The future: mixed reality
As we start to think of apps more as brains with on-demand interfaces, we can start to think of future devices where the same approach makes sense.
What does an app store look like in mixed reality? Maybe we continue with the windows metaphor — a panel of squares — which is still in use on mobile phones. But I suspect it will look different. What if a mixed reality app takes a specific shape, like a stuffed animal or a doll? If I look over and see Mickey Mouse sitting on the bed, perhaps I just start speaking to it to wake it up and get suggestions for the most recent Disney experiences to try. Maybe this Mickey is an “icon” that lets me engage with the Disney experience. In many cases, these “apps” will look more like services and experiences delivered through a mixed reality environment and will have similar properties to what I described above — they will only need to exist in the context where they’re useful.

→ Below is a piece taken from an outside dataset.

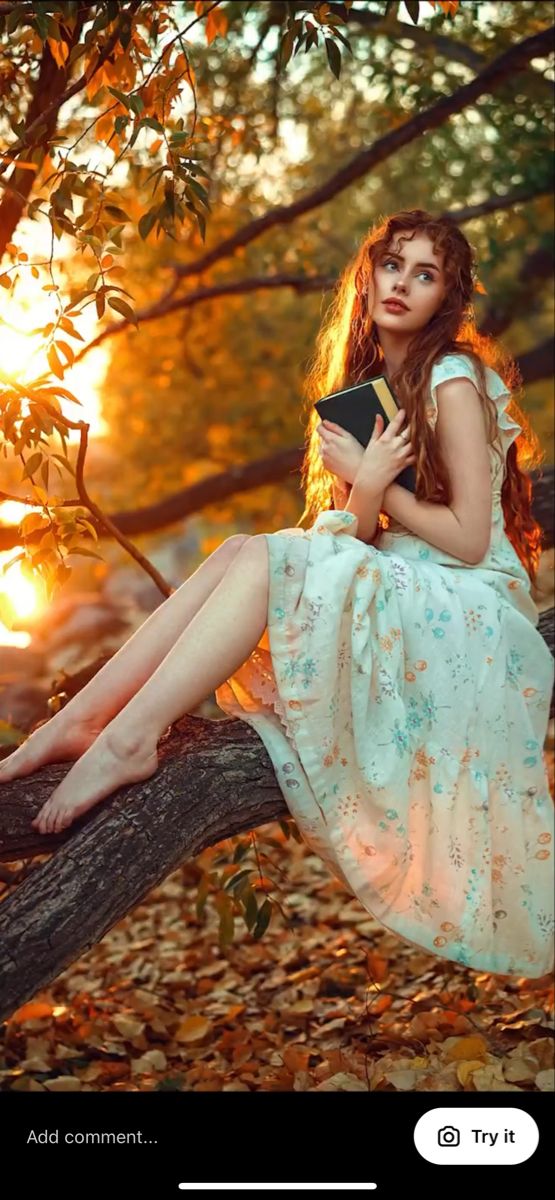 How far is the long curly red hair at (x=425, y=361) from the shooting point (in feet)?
8.41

These on-demand interfaces that live in chat, voice, and beyond appear when needed and disappear when they’re not relevant. A bartender doesn’t follow you around all day asking for your drink order; they stand behind the bar, ready to answer any questions you have in a context that makes sense. Similarly, a mixed reality experience for a weather app might be a character who sits next to your bed and, whenever you look at it, is wearing clothes that are appropriate for the weather outside. It wouldn’t make any more sense for this doll or avatar to follow you around at work than it would for the bartender to follow you — you’re already dressed, and you don’t need a drink.
Conclusion, or “so what?”
The way we talk to computers is fundamentally changing, and new types of companies will be valuable in this new world of on-demand interfaces. Developers are already somewhat familiar with companies that are primarily interacted with via their APIs — perhaps the thinnest UI there is. Consumers are learning too — I think they intuitively understand that Uber isn’t just an app; it’s the notion that there are so many cars driving around, connected by a brain, creating a service that instantiates a car in front of you nearly instantly. Uber exists in different interfaces fluidly — collecting location data from your phone, letting you hail a ride via a watch or Alexa skill, giving you an update of your driver’s location visually through its app, sending you text messages that your driver has arrived, and letting you communicate with the driver by voice in a phone call. In each case, it’s the lowest-friction way to get or share the most data to create the best service and experience.
Ironically, this new design paradigm both elevates and removes the value of design itself. A company’s long-term value will be determined by the unique insights it derives from the proprietary data that it has access to in its brain.This elevates the value of good design, in that one of the most important functions will be finding ways to reduce the friction involved in collecting data and responding to requests for information. But this type of interaction design is copiable and will eventually become a set of standards. The more valuable part of these new businesses will be the uniqueness of the data they collect, and, ultimately, the defensibility of the insights they generate.